The pictures get left out, but everything else in the listing below must be duplicated exactly.

• COLLECTED DATA
.....

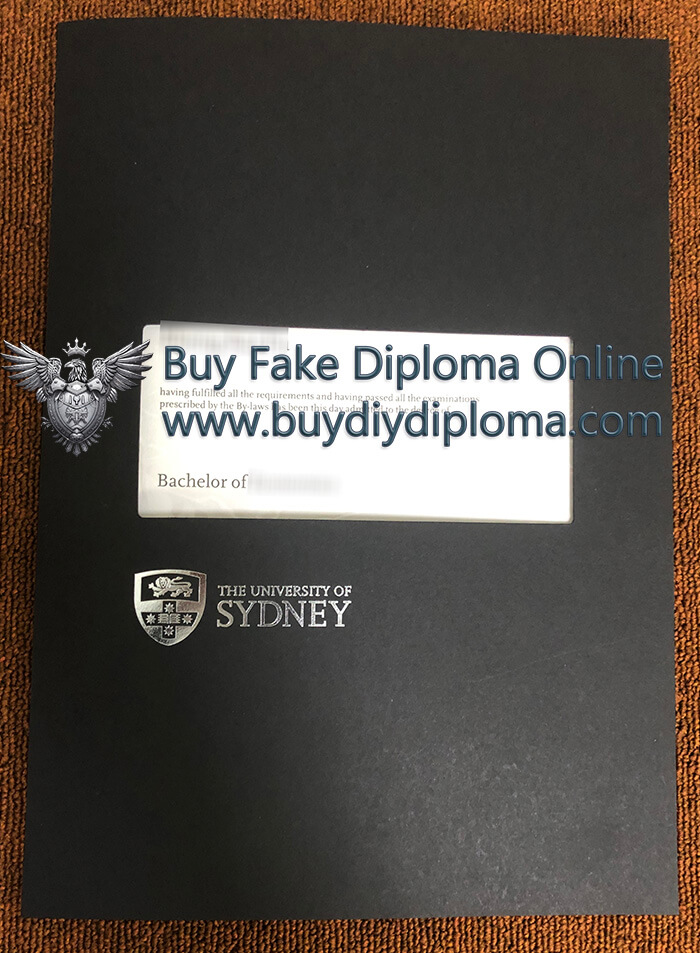USYD Qualification Cover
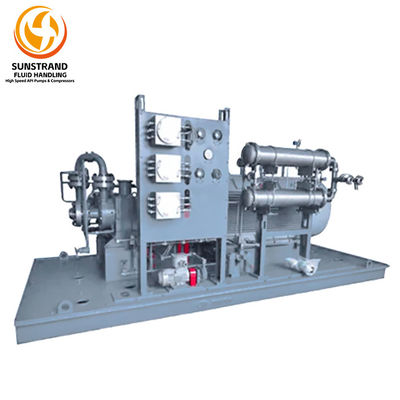 좋은 가격 HMP3000 다단계 중량 고속 원심 펌프 통합 기어 구동 온라인으로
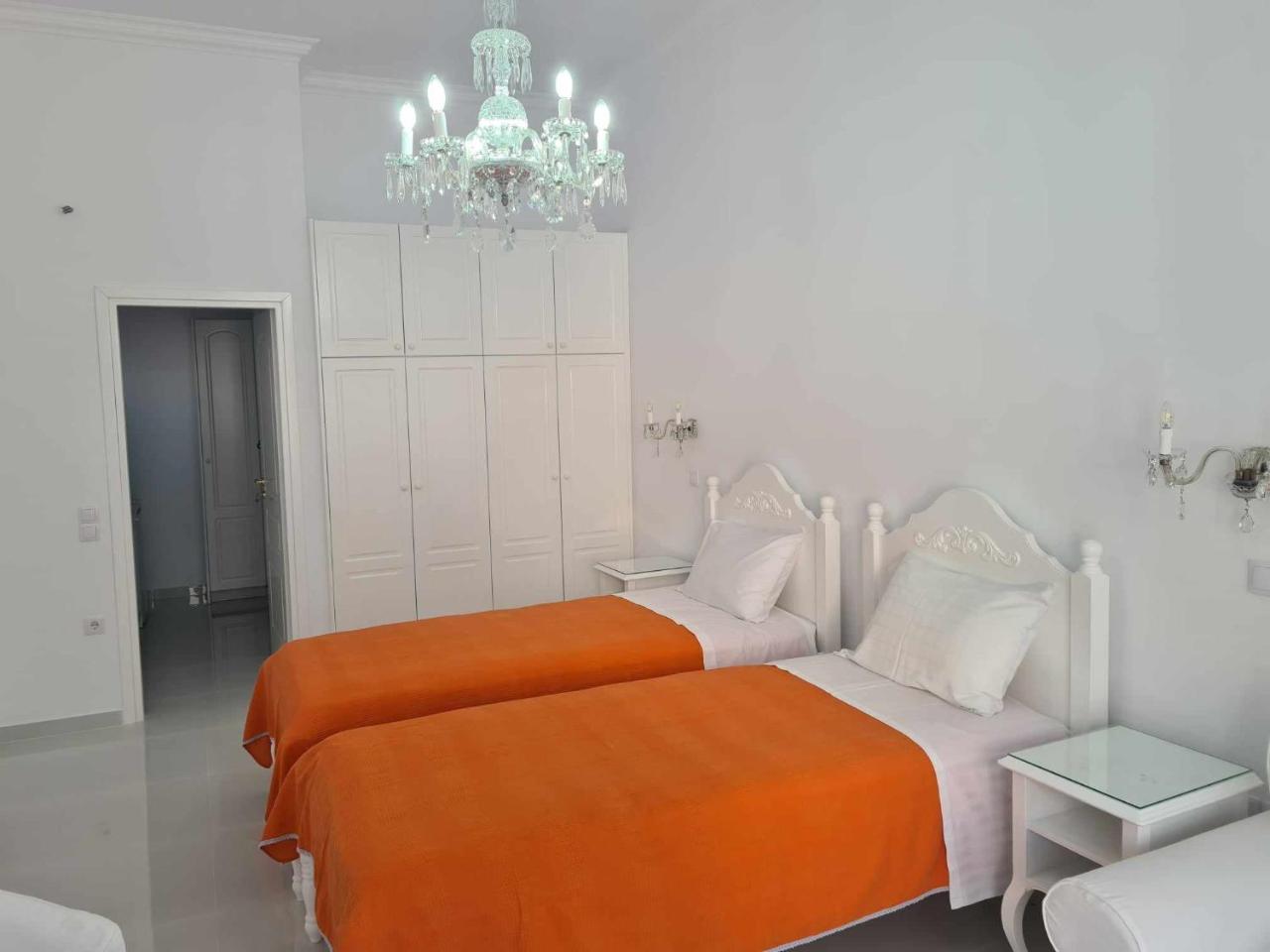 NN Rooms and Suites near Athens Airport - 3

.....

• OUTPUT OF THE TASK
USYD Qualification Cover
 좋은 가격 HMP3000 다단계 중량 고속 원심 펌프 통합 기어 구동 온라인으로
 NN Rooms and Suites near Athens Airport - 3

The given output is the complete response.